Kanker otak meliputi sekitar 85-90% dari seluruh kanker susunan saraf pusat. Di
Amerika Serikat insidensi kanker otak ganas dan jinak adalah 21.42 per 100.000
penduduk per tahun (7.25 per 100.000 penduduk untuk kanker otak ganas, 14.17 per
100.000 penduduk per tahun untuk tumor otak jinak). Angka insidens untuk kanker otak
ganas di seluruh dunia berdasarkan angka standar populasi dunia adalah 3.4 per 100.000
penduduk.

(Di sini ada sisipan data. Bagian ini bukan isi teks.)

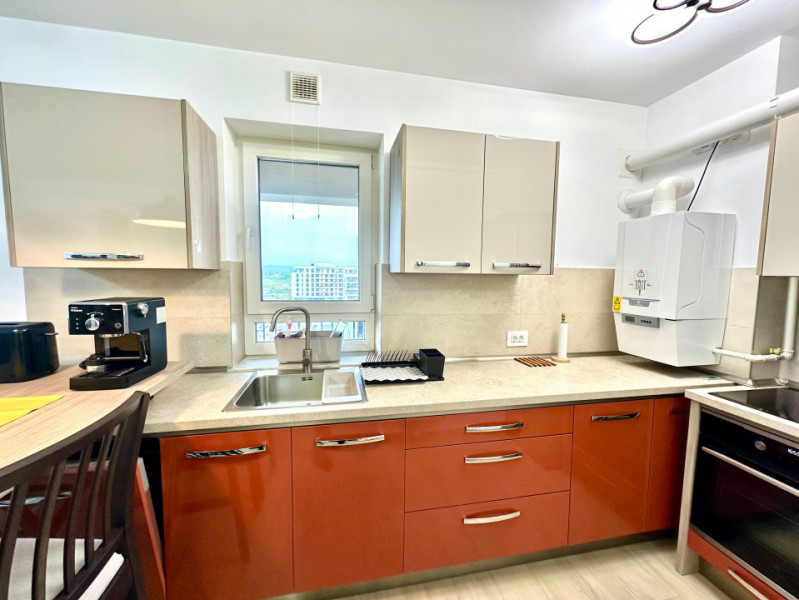 Apartament Studio în Coresi – Mobilat Complet, Gata de Mutare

Angka mortalitas adalah 4.25 per 100.000 penduduk per tahun. Mortalitas
lebih tinggi pada pria.
Dari seluruh tumor primer susunan saraf pusat, astrositoma anaplastik dan
glioblastoma multiforme (GBM) meliputi sekitar 38% dari jumlah keseluruhan, dan
meningioma dan tumor mesenkim lainnya 27%. Sisanya terdiri dari tumor otak primer
yang bervariasi, meliputi tumor hipofisis, schwannoma, limfoma SSP,
oligodendroglioma, ependimoma, astrositoma derajat rendah, dan meduloblastoma.
C. ETIOLOGI
Space Occupying Lesions (SOL) intrakranial mempunyai beberapa etiologi,
dimana semuanya menimbulkan ekspansi dari volume dari cairan intrakranial yang
kemudian menyebabkan peningkatan tekanan intrakranial. Pembengkakan pada otak
dapat dibagi dua yaitu diffuse dan fokal.

12
Pembengkakan diffuse sering terjadi akibat peningkatan umum cairan di otak
diakibatkan oleh vasodilatasi atau edema. Gangguan sistem vasomotor dapat
menyebabkan vasodilatasi yang kemudian meningkatan aliran darah di serebrum.Hal ini
terjadi sebagai respons terhadap hypercapnia dan hipoksia, dan juga terjadi akibat head
injury.Selain itu, edema dapat terjadi dari tiga mekanisme yaitu vasogenik, sitotoksik
dan interstisial.Pada edema vasogenik terjadi peningkatan permeabilitas pembuluh darah
serebral akibat disfungsi sawar otak.Pada edema sitotoksik terjadi jejas terhadap sel
endotel, sel glia dan neuron pada otak.Pada edema interstisial terjadi kerusakan pada
ventrikel-ventrikel otak, sering ditemukan pada kasus hidrosefalus.
Pembengkakan fokal dapat terjadi akibat abses serebral, hematoma, atau
neoplasma. Lesi menyebar ekstrinsik seperti hematoma subdural dan meningioma juga
meningkatkan tekanan pada kavitas otak dan disebut sebagai Space-Occupying Lesion.
D. FAKTOR RISIKO
Pada neoplasma dapat ditemukan faktor-faktor resiko berikut:
• Riwayat trauma kepala
• Faktor genetic
• Paparan zat kimia yang bersifat karsinogenik
• Virus tertentu
• Defisiensi imunologi
• Kongenital
E. MANIFESTASI KLINIS
Gejala yang timbul pada pasien dengan kanker otak tergantung dari lokasi dan
tingkat pertumbuhan tumor. Kombinasi gejala yang sering ditemukan adalah
peningkatan tekanan intrakranial (sakit kepala hebat disertai muntah proyektil), defisit
neurologis yang progresif, kejang, penurunan fungsi kognitif. Pada glioma derajat
rendah gejala yang biasa ditemui adalah kejang, sementara glioma derajat tinggi lebih
sering menimbulkan gejala defisit neurologis progresif dan tekanan intrakranial
meningkat.
Gejala umum timbul karena peningkatan tekanan intrakranial atau akibat infiltrasi
difus dari tumor. Gejala yang paling sering adalah sakit kepala, perubahan status mental,
kejang, nyeri kepala hebat, papil edema, mual dan muntah. Tumor

13
maligna (ganas) menyebabkan gejala yang lebih progresif daripada tumor benigna
(jinak).

Gangguan kesadaran akibat peningkatan tekana intrakraniul dapat berakhir


hingga koma. Tekanan intrakraniul yang meninggi dapat menyebabkan ruang tengkorak
yang tertutup terdesak dan dapat pula menyebabkan perdarahan setempat.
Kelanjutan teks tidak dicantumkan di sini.